12Ne lui restait dès lors que le local, qui n’était certes pas une idée neuve [35]. Le folklorisme suivit par exemple la même pente que la préhistoire, qui s’inventa comme une science d’amateurs parce que le quadrillage du territoire impliquait mécaniquement une prime à la localisation de la recherche [36]. Parce qu’il se modela sur les contours mouvants d’une communauté arborescente et constitutivement inclusive, ce label, qui recouvrait de nombreuses façons de s’y affilier (le plus fréquemment à temps très partiel à la suite de l’écriture d’un article), participa, de fait, à la surrection du local. Le local ne devint toutefois pas un artefact scientifique pour une entreprise de disciplinarisation qui échoua. Il devint bien davantage une valeur en soi auprès des spécialistes et des érudits dont la dissémination dans le pays accrut automatiquement sinon la réputation, à tout le moins le déploiement des études « traditionnistes ».

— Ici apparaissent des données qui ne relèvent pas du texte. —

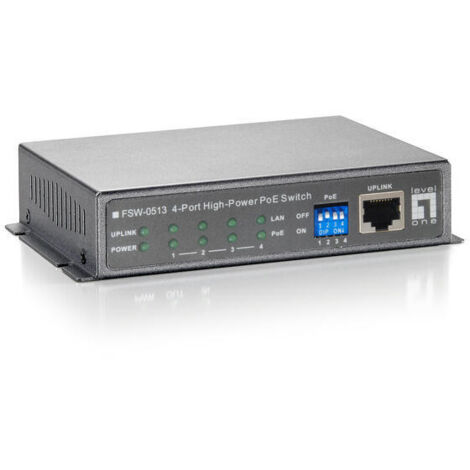 SWITCH NO GESTIONABLE LEVEL ONE FSW-0513 5P 4xPoE 100Mb 120W CARCASA METALICA (1/4)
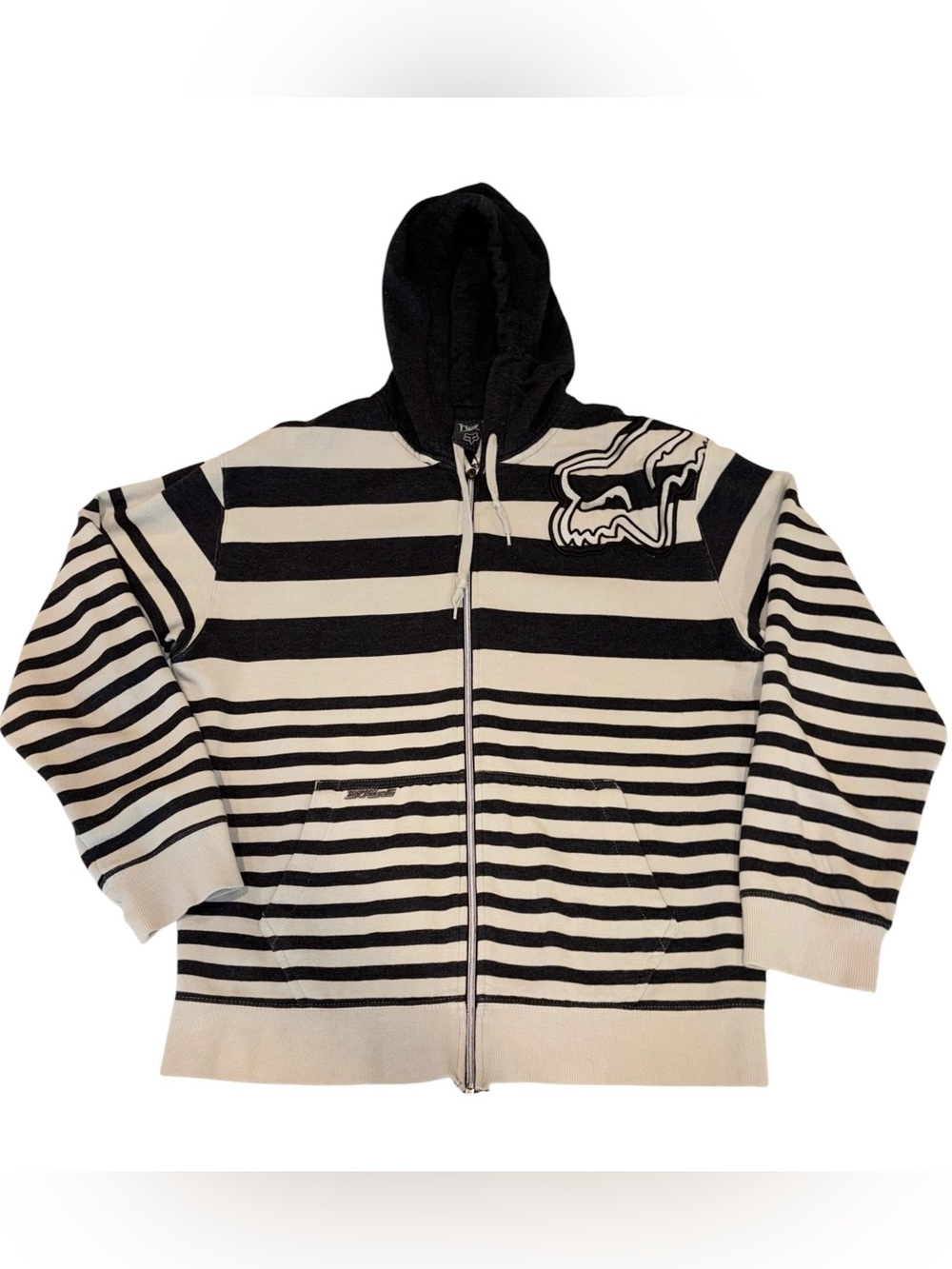 Fox Racing Vtg Y2K Hoodie Mens Black & Beige Striped Moto Full Zip Jacket XL - Picture 4 of 10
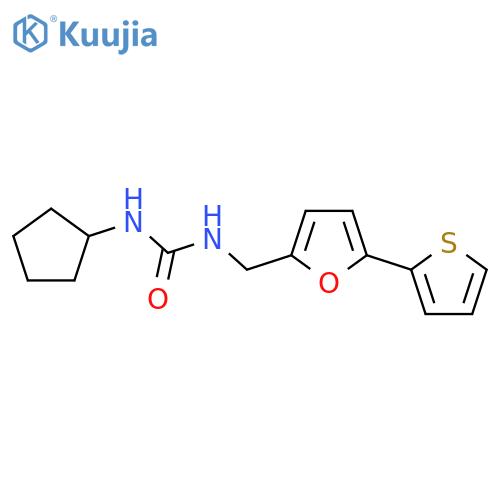 1-cyclopentyl-3-{5-(thiophen-2-yl)furan-2-ylmethyl}urea structure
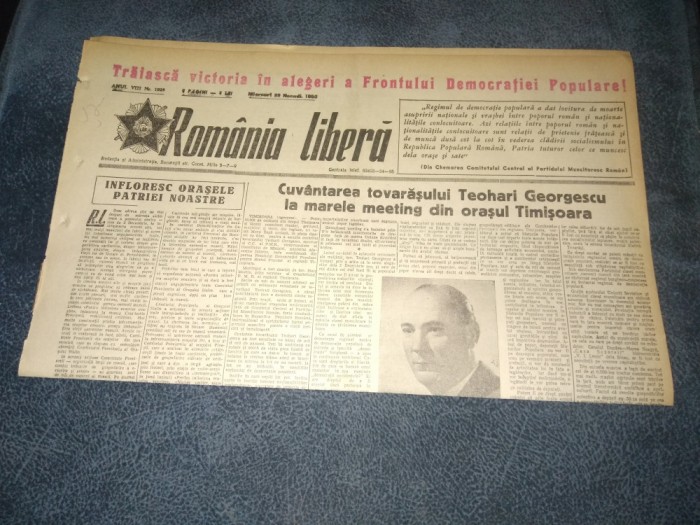 ZIARUL ROMANIA LIBERA 19 NOIEMBRIE 1950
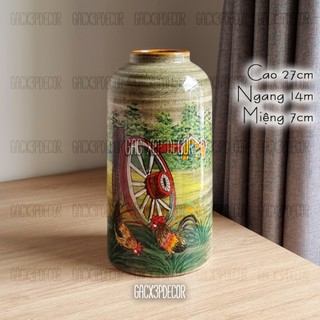 Bình hoa gốm sứ Bát Tràng họa tiết vẽ thủ công Decor phòng, bàn làm việc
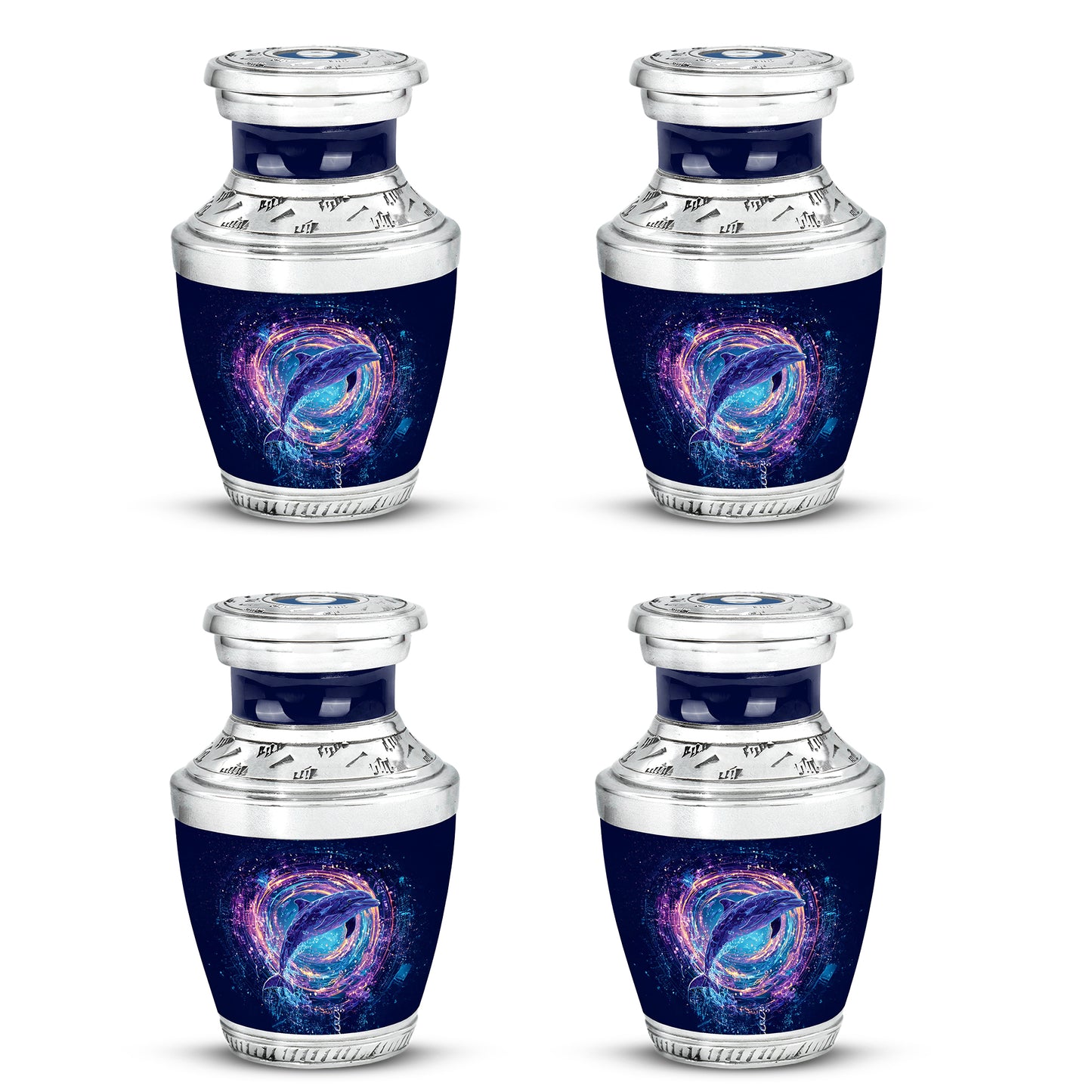 Pastel Blue Dolphin Cremation Urn back view with polished surface - contemporary dolphin design with modern artistic flair - 10 inch aluminum urn for cremated remains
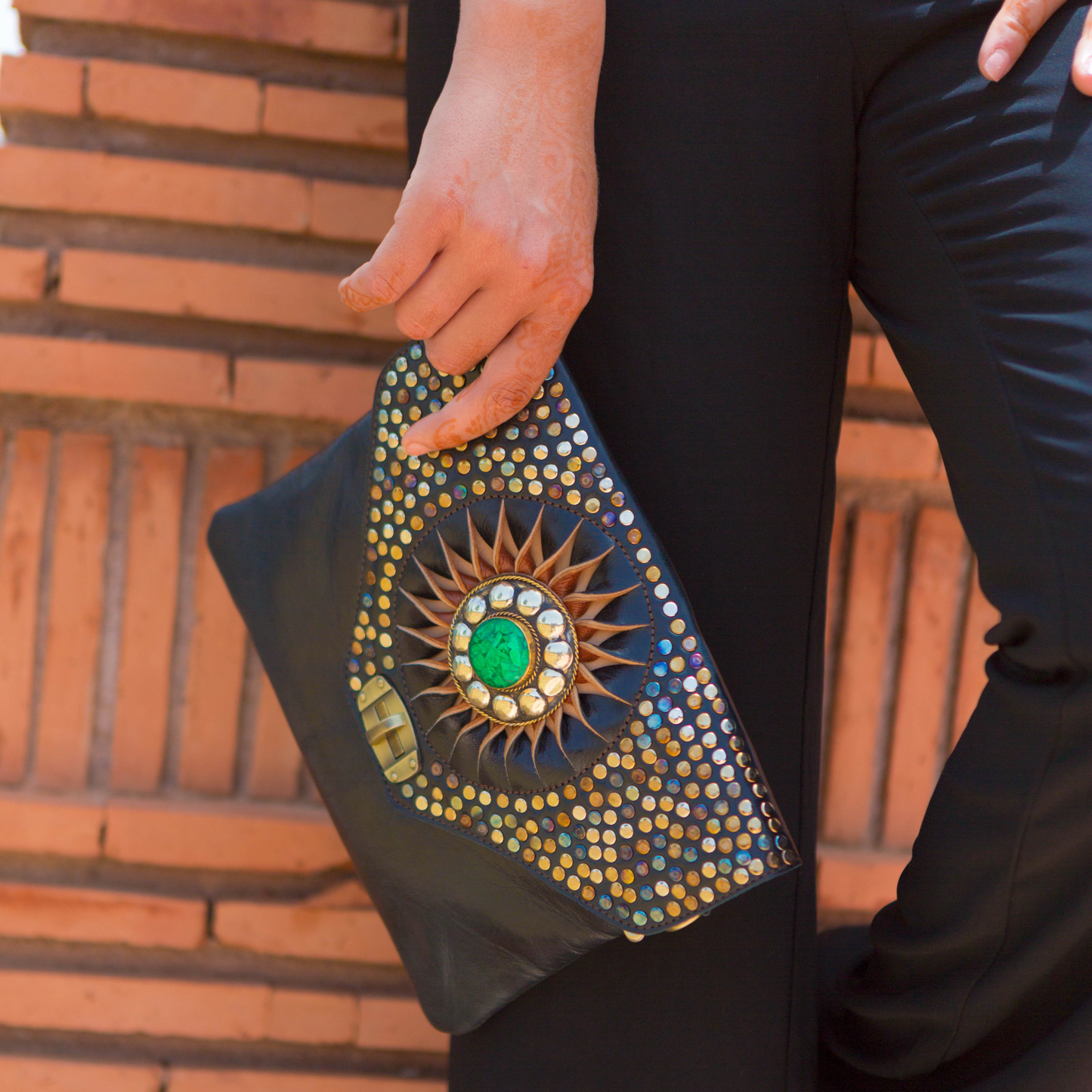 Envelope leather clutch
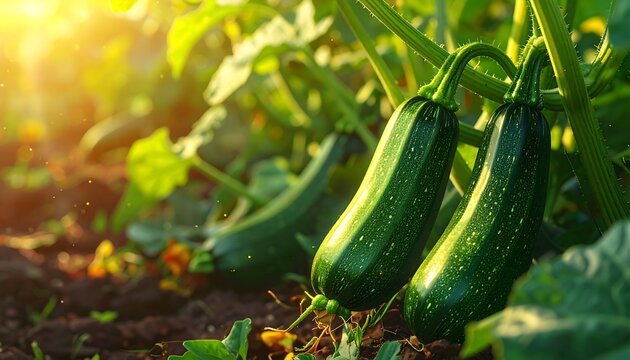 Close-up shot showcasing fresh zucchini growing in a lush vegetable garden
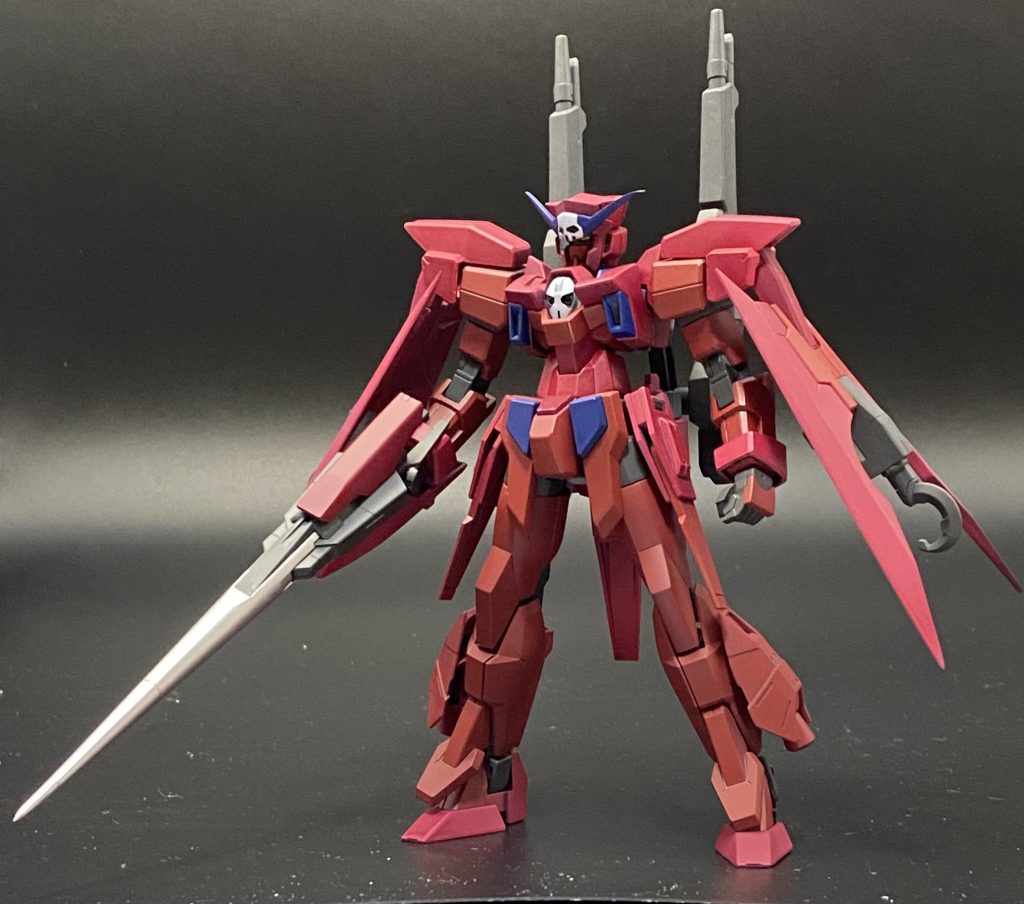 フロントAGE-2の欠点であろう遠距離戦対策にバックパックにビームライフルを装備させました。その分機動性が落ちると思うので、脚部に30mmのバーニアを装備させました。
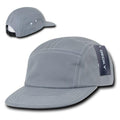 Decky Contra-Stitch 5 Panel Racing Jockey Biker Caps Hats-997-Grey-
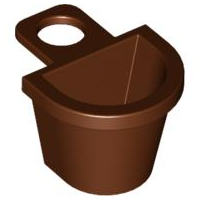 Minifig Neckwear Basket [D Style] in Reddish Brown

13Que représenta le folklorisme pour Camille Fraysse (1866-1936) ? D’origine lotoise, ce clerc de notaire, qui fut ensuite secrétaire de la sous-préfecture et percepteur, avait épousé en 1892 une jeune femme du Maine-et-Loire où il était installé. Le fonctionnaire, qui consacra une partie de ses loisirs à consigner les « vestiges » d’un pays conçu comme une « terre des merveilles [37] », fit paraître en 1906 un Folk-Lore du Baugeois. L’introduction reprenait les topoï que plus de vingt années d’entreprises éditoriales avaient fini par installer dans la pratique et la conscience de certains polygraphes éloignés de l’épicentre parisien : « L’ensemble des traditions populaires d’un pays constitue ce que l’on appelle le Folk-Lore ; ce mot semble barbare, mais, une fois connu, il a l’avantage de tout embrasser […]. Cette science nouvelle, à laquelle il faut accorder enfin la place qui lui revient, est depuis longtemps en faveur dans les pays étrangers ; elle occupe une chaire dans les Universités d’Helsingfors et de Christiana ; mais c’est à peine encore si chez nous le grand public en soupçonne l’existence [38] ». Dans ses écrits très factuels et fort peu référencés, Fraysse ne mentionna jamais les travaux de Tylor ou de Lang. Concernant ses liens avec le noyau dur du folklorisme hexagonal, une vingtaine de contributions publiées dans la Revue des traditions populaires entre 1904 et 1906 attestent qu’il fut forcément en contact avec Sébillot. Rien de plus.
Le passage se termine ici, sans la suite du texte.